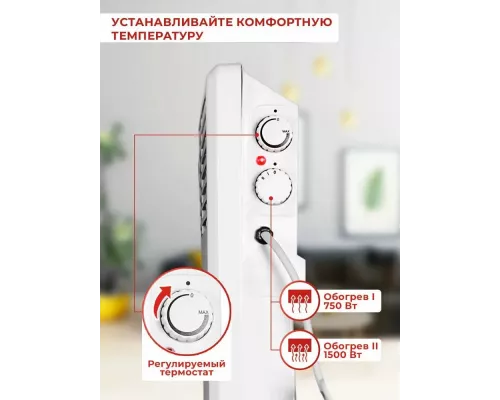 Конвектор EUROLUX ОК-EU-1500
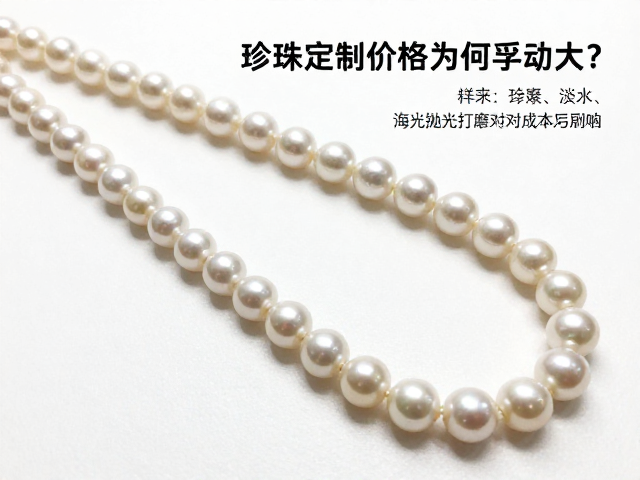 珍珠定制价格为何浮动大?详解淡水、海水珠抛光打磨对成本的影响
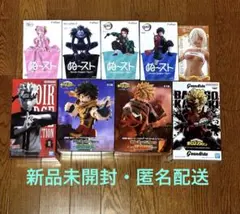 大人気！最新プライズフィギュア　９個まとめ売りセット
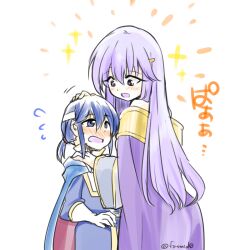 Rule 34 | 1boy, 1girl, aged down, blush, brother and sister, circlet, dress, fire emblem, fire emblem: genealogy of the holy war, hand on another&#039;s shoulder, headband, julia (fire emblem), nintendo, open mouth, ponytail, purple eyes, purple hair, seliph (fire emblem), siblings, simple background, white headband, wide sleeves, yukia (firstaid0)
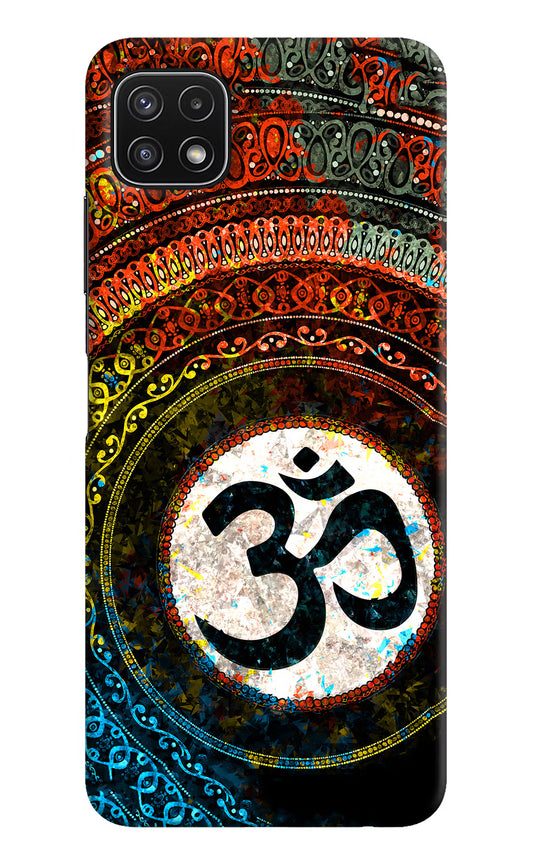 Om Cultural Samsung A22 5G Hard Case Back Cover by Casekaro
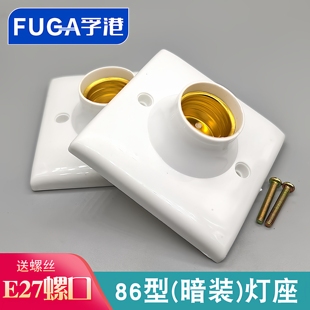 E27 86型暗装铜接灯座节能灯LED螺旋螺口螺纹 暗装灯头面板底座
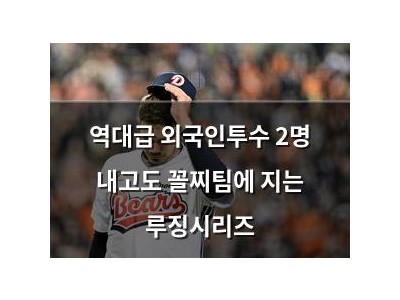 역대급 외국인투수 2명 내고도 꼴찌팀에 지는 루징시리즈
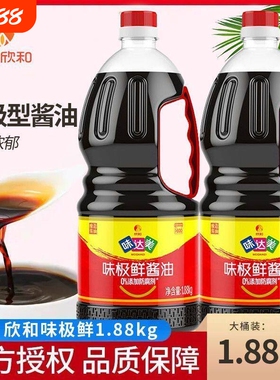 欣和味达美味极鲜酱油1.88kg正宗家用商用炒菜酿造酱油瓶凉拌整箱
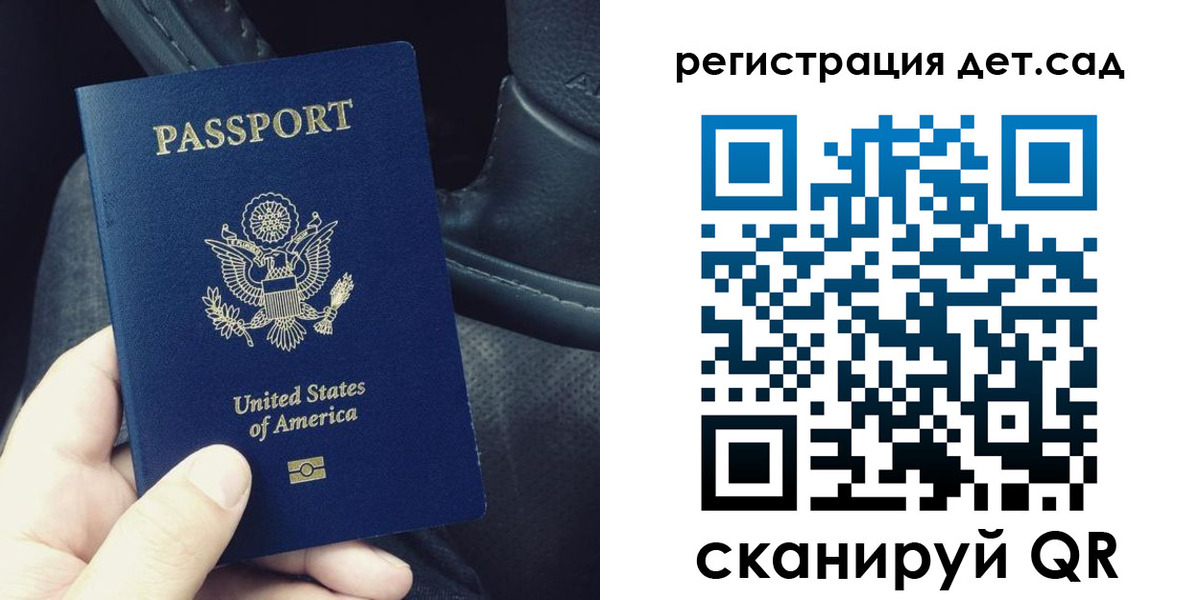 временная регистрация недорого в Донецке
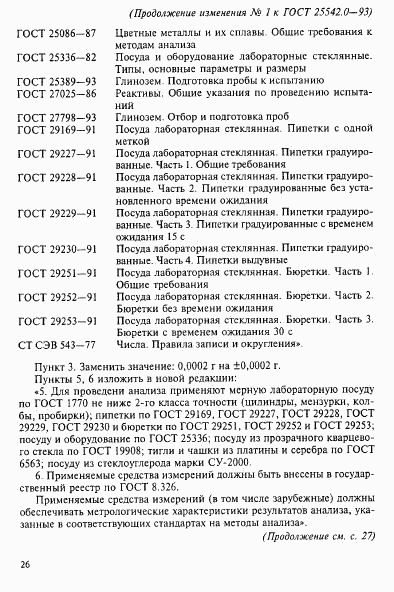 ГОСТ 25542.0-93, страница 9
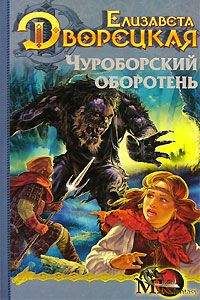 Читайте книги онлайн на Bookidrom.ru! Бесплатные книги в одном клике Елизавета Дворецкая - Огненный волк, кн. 1: Чуроборский оборотень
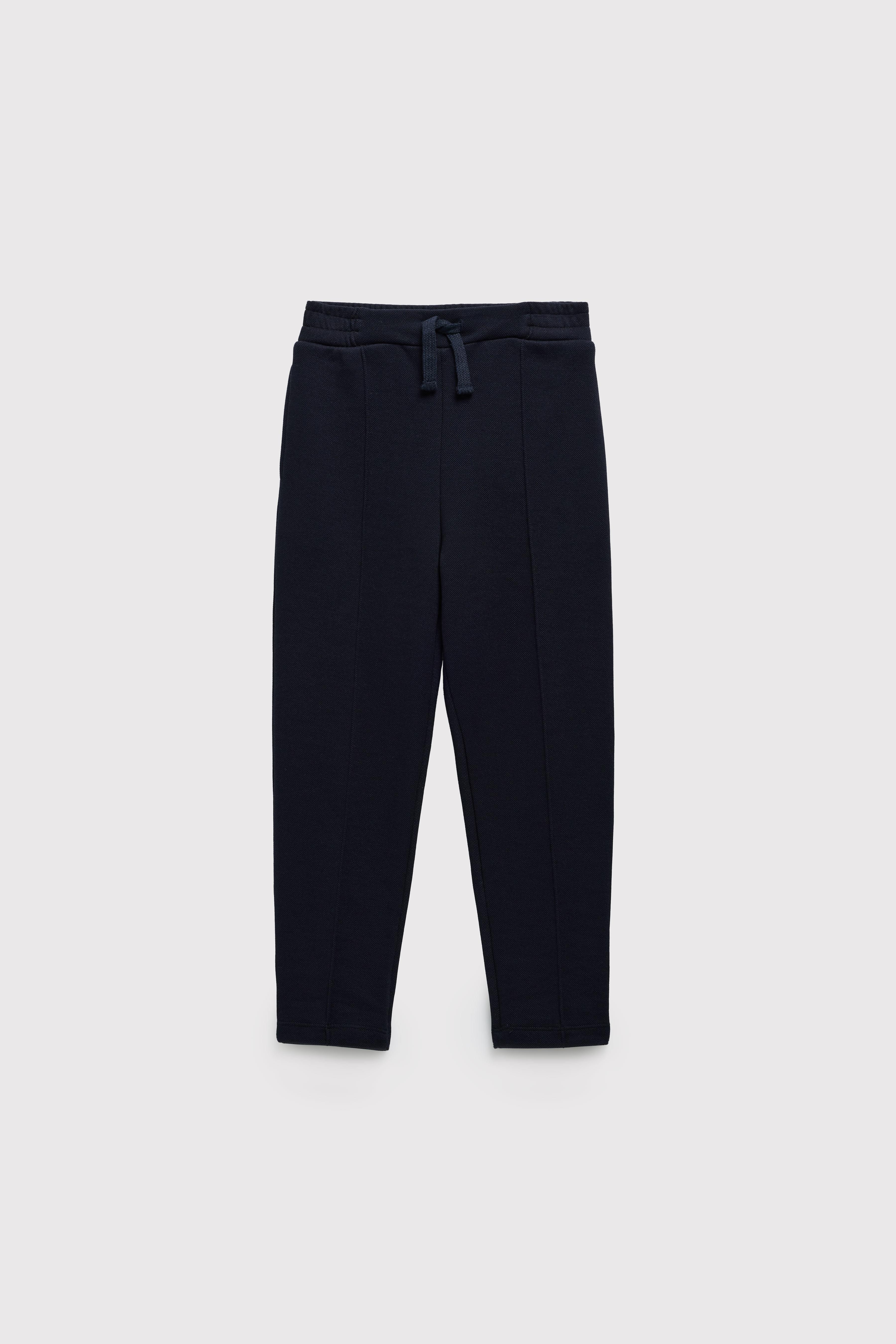 (Kids Boy) Nervürlü Jogger Pantolon - LACİVERT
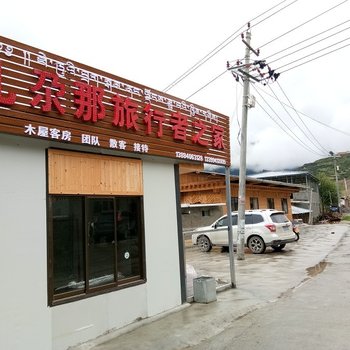 迭部县扎尕那旅行者之家酒店提供图片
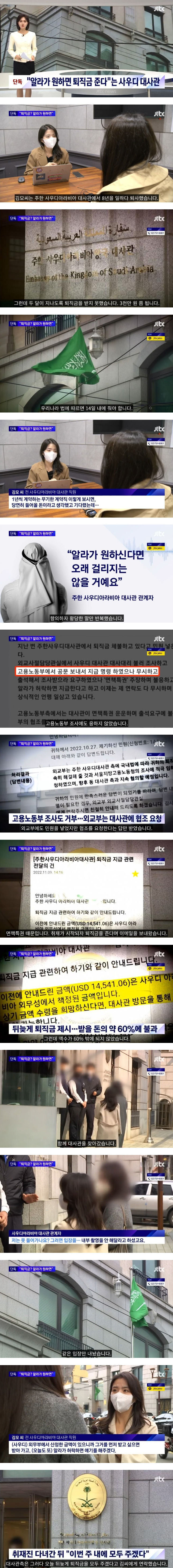 못 받은 퇴직금, "알라가 원하면 준다"는 사우디 대사관 | 인스티즈
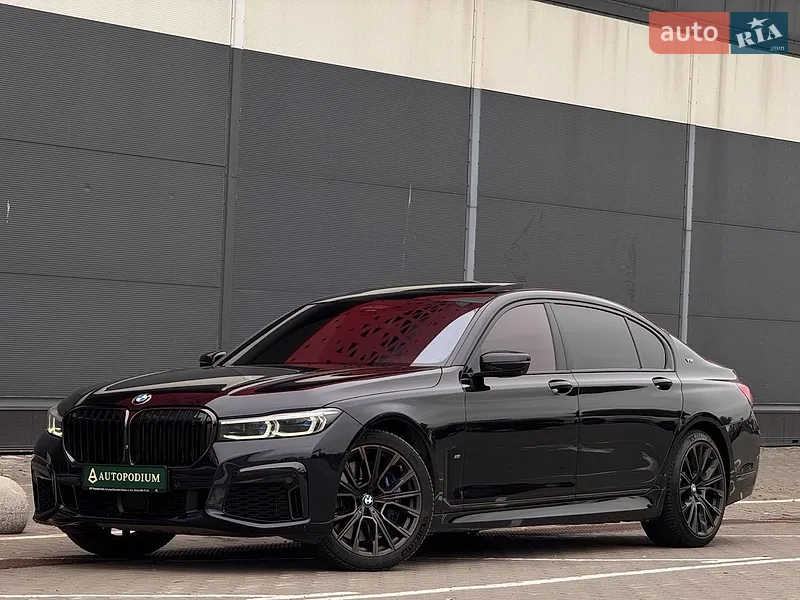 BMW 7 Series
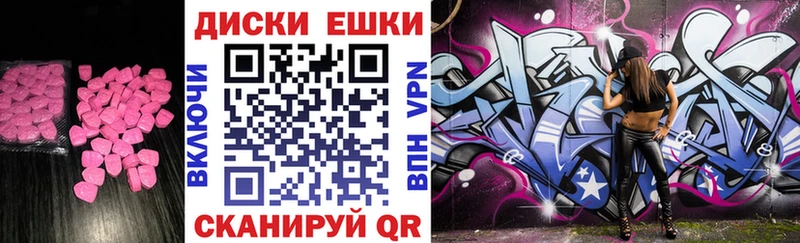 Экстази XTC  Мелеуз 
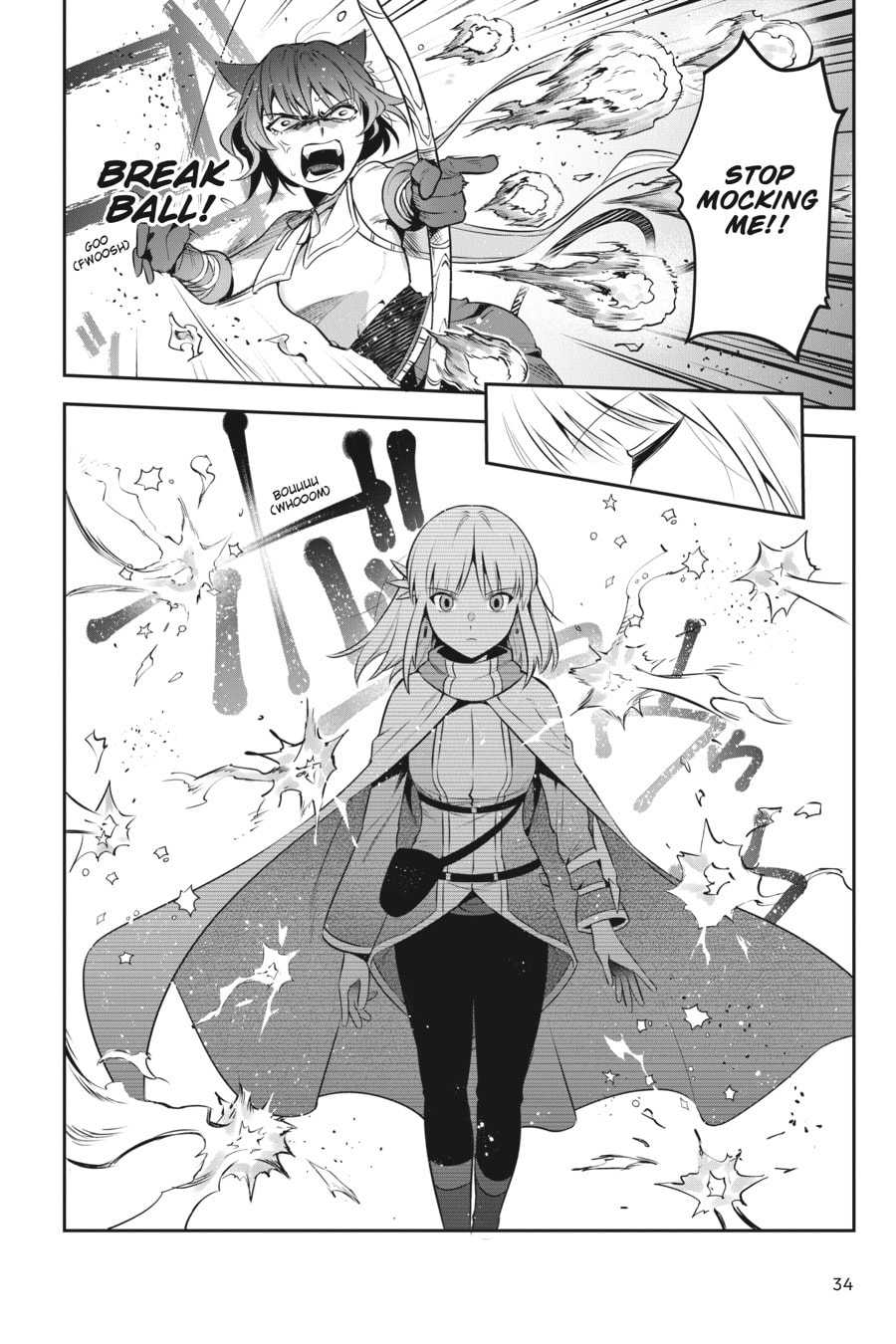 Leadale no Daichi nite Chapter 26 page 6 - 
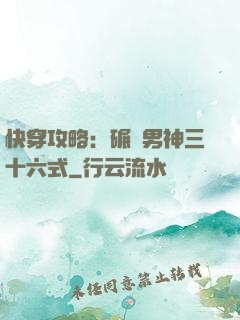 快穿攻略：碾壓男神三十六式
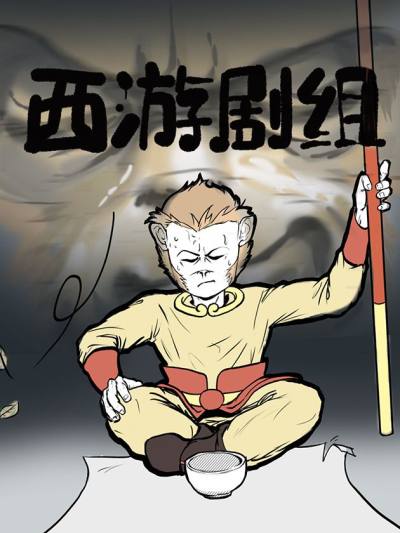 西游剧组漫画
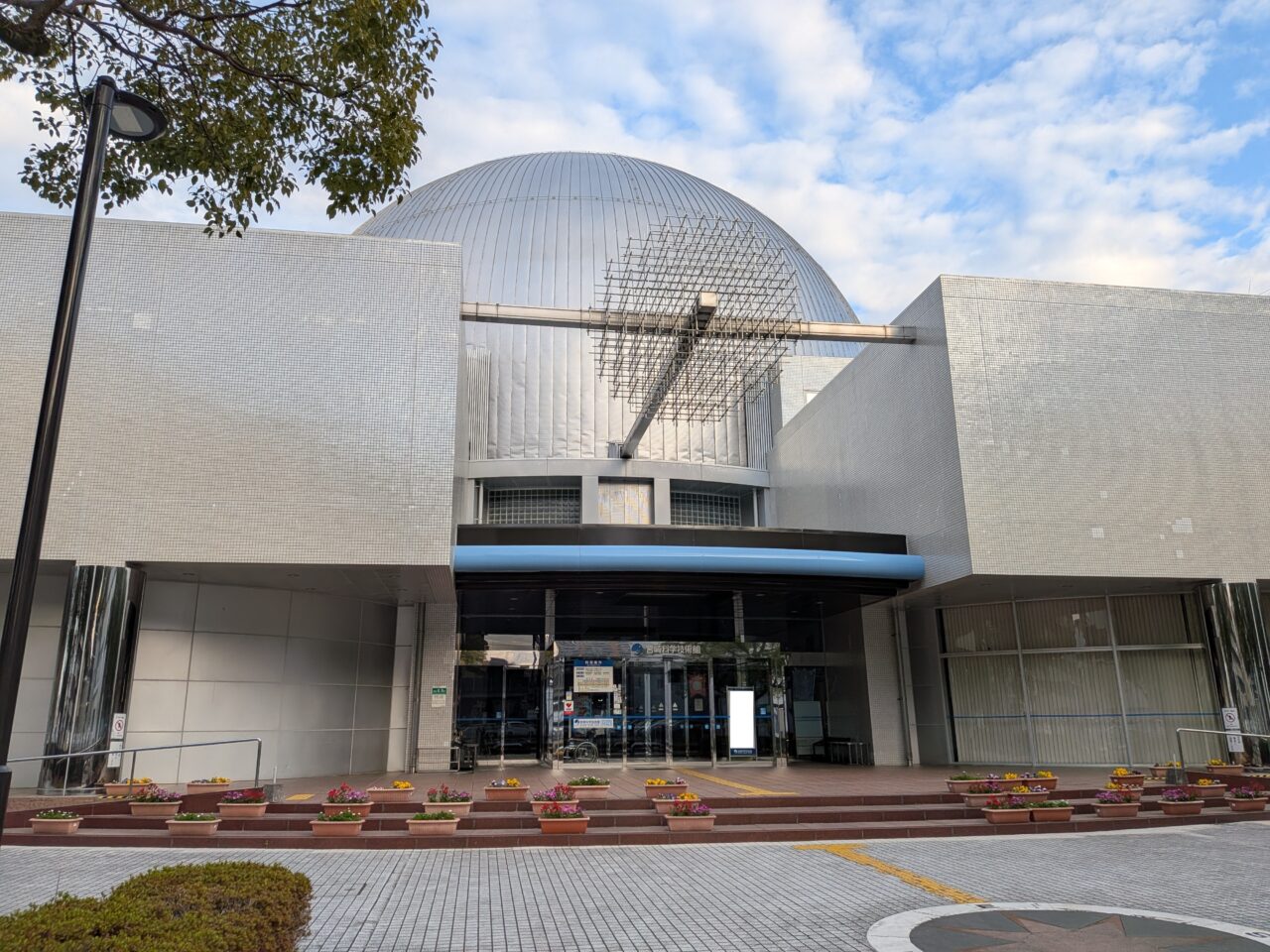 2026年宮崎科学技術館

============

▶ [TASK]: Start with the line that holds "Читайте книги онлайн" and retype each line through the last one in the data, exactly and without pictures.

▶ [ANSWER TO THIS PROBLEM]:
 Читайте книги онлайн на Bookidrom.ru! Бесплатные книги в одном клике Елизавета Дворецкая - Огненный волк, кн. 1: Чуроборский оборотень
 (Kids Boy) Nervürlü Jogger Pantolon - LACİVERT
 迭部县扎尕那旅行者之家酒店提供图片
 못 받은 퇴직금, "알라가 원하면 준다"는 사우디 대사관 | 인스티즈
 BMW 7 Series
 Экстази XTC  Мелеуз 
 Leadale no Daichi nite Chapter 26 page 6 - 
 快穿攻略：碾壓男神三十六式
 西游剧组漫画
 2026年宮崎科学技術館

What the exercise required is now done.